----- SOURCE DATA -----
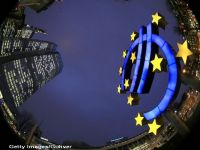
	Ce spun economistii prezenti la Davos despre miscarea istorica a BCE, de a injecta 1 trilion de euro in economie. Roubini: &quot;Programul de relaxare cantitativa, insuficient&quot;. Pozitia FMI
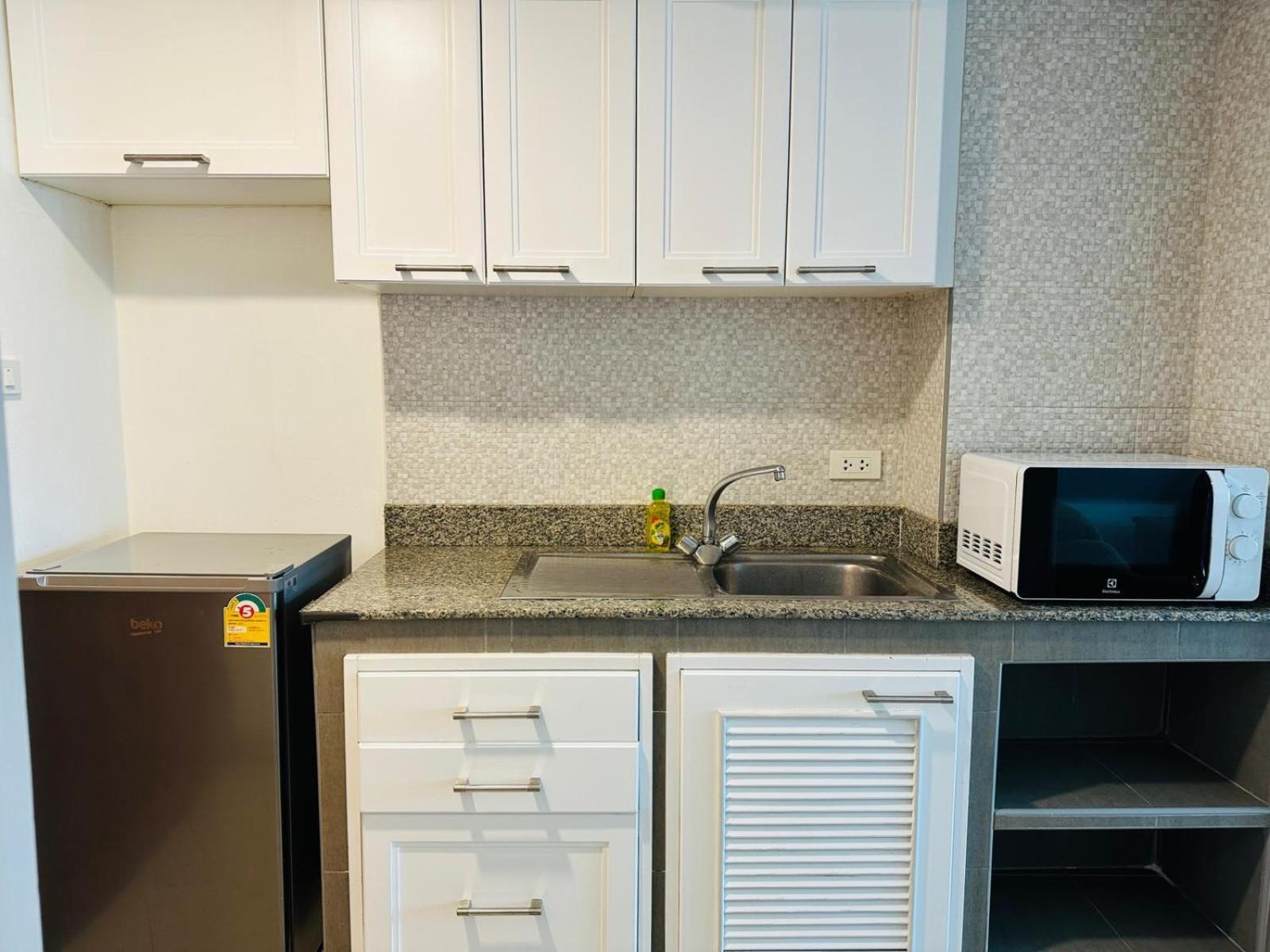 Affordable Serviced Apartments In Nana Omni Tower - Prime Sukhumvit Location 방콕 외부 사진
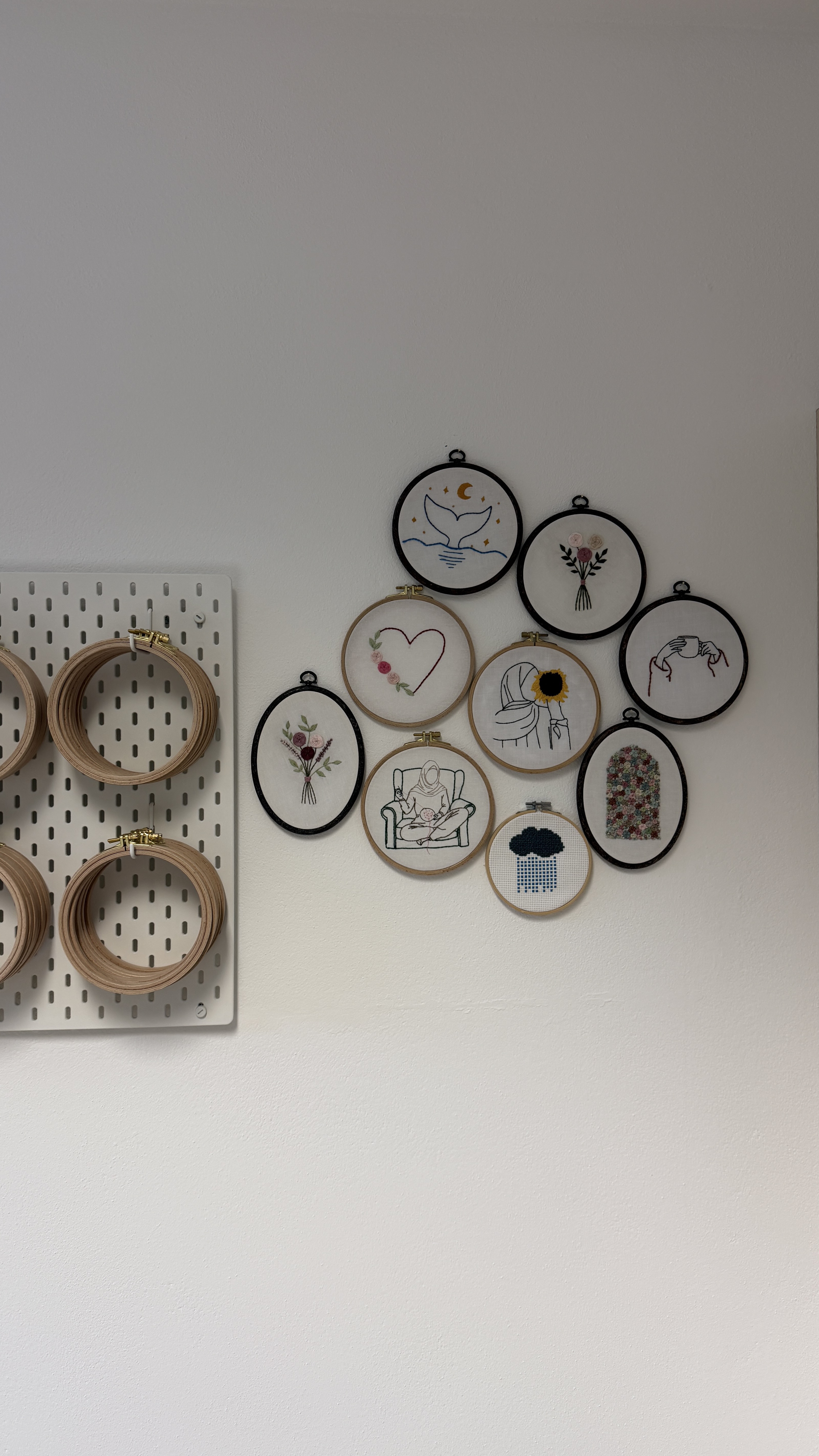 Stickrahmen-Wand mit Pegboard — Weitwinkel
-----
For this exercise, write the listing out again exactly, excluding all images.

	Ce spun economistii prezenti la Davos despre miscarea istorica a BCE, de a injecta 1 trilion de euro in economie. Roubini: &quot;Programul de relaxare cantitativa, insuficient&quot;. Pozitia FMI
 Affordable Serviced Apartments In Nana Omni Tower - Prime Sukhumvit Location 방콕 외부 사진
 Stickrahmen-Wand mit Pegboard — Weitwinkel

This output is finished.